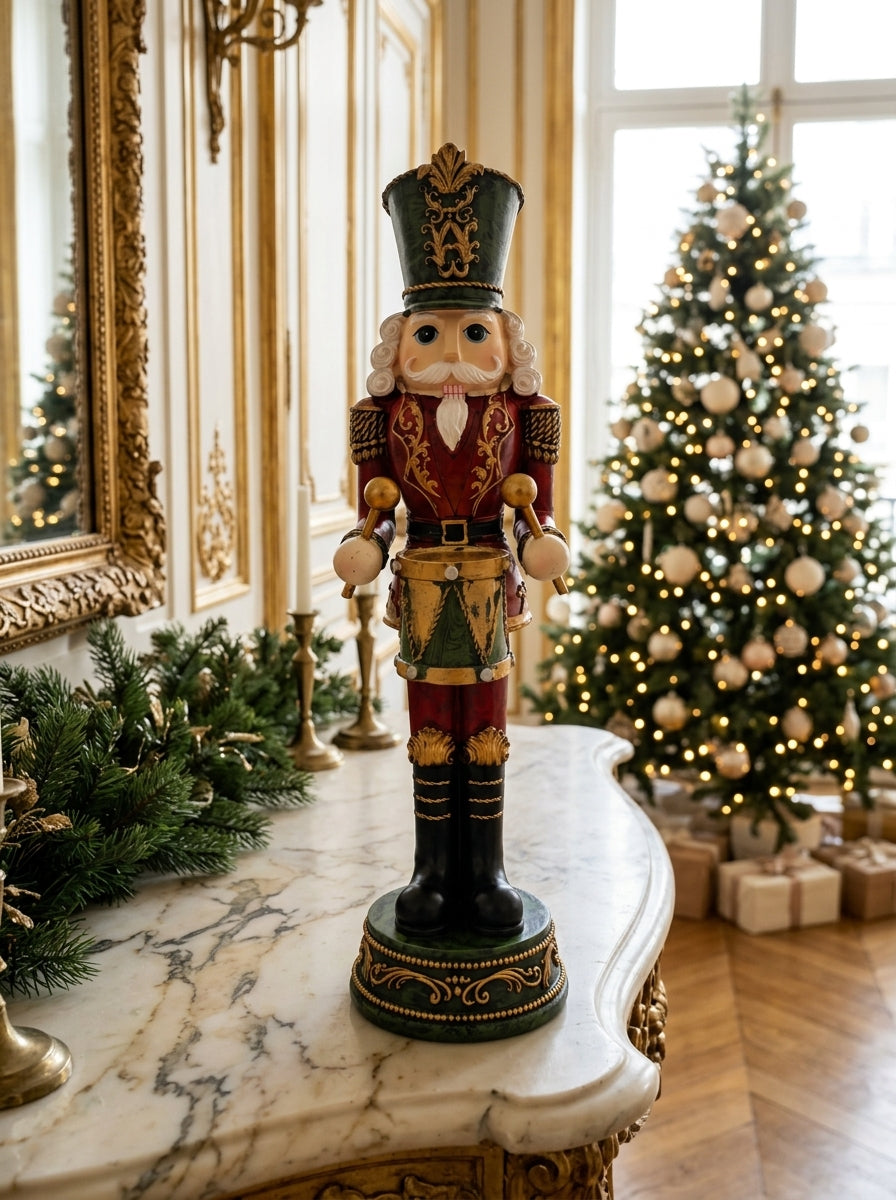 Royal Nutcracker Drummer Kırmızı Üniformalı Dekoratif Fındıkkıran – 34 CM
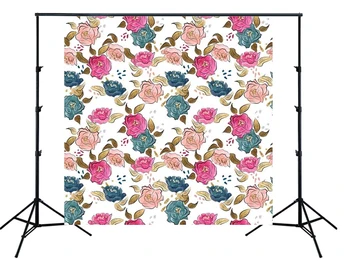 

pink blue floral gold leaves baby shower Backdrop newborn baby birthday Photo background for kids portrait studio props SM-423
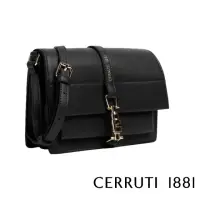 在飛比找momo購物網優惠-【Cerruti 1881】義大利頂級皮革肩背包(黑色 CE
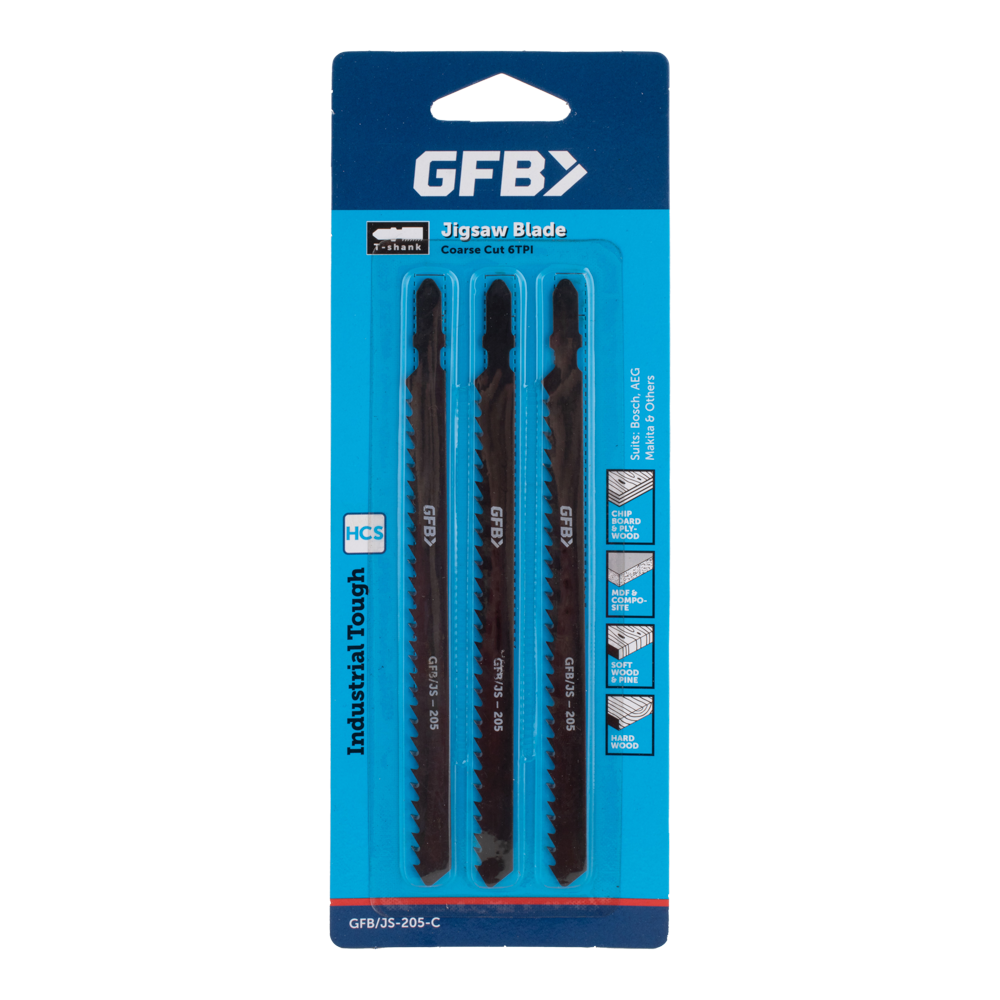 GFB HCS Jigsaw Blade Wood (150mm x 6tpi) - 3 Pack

**Task requirements:**
Every line from the one holding "pink blue floral" to the last line of the listing above, inclusive, must appear exactly as written, and no picture may appear.

**Written answer:**
pink blue floral gold leaves baby shower Backdrop newborn baby birthday Photo background for kids portrait studio props SM-423
 在飛比找momo購物網優惠-【Cerruti 1881】義大利頂級皮革肩背包(黑色 CE
 GFB HCS Jigsaw Blade Wood (150mm x 6tpi) - 3 Pack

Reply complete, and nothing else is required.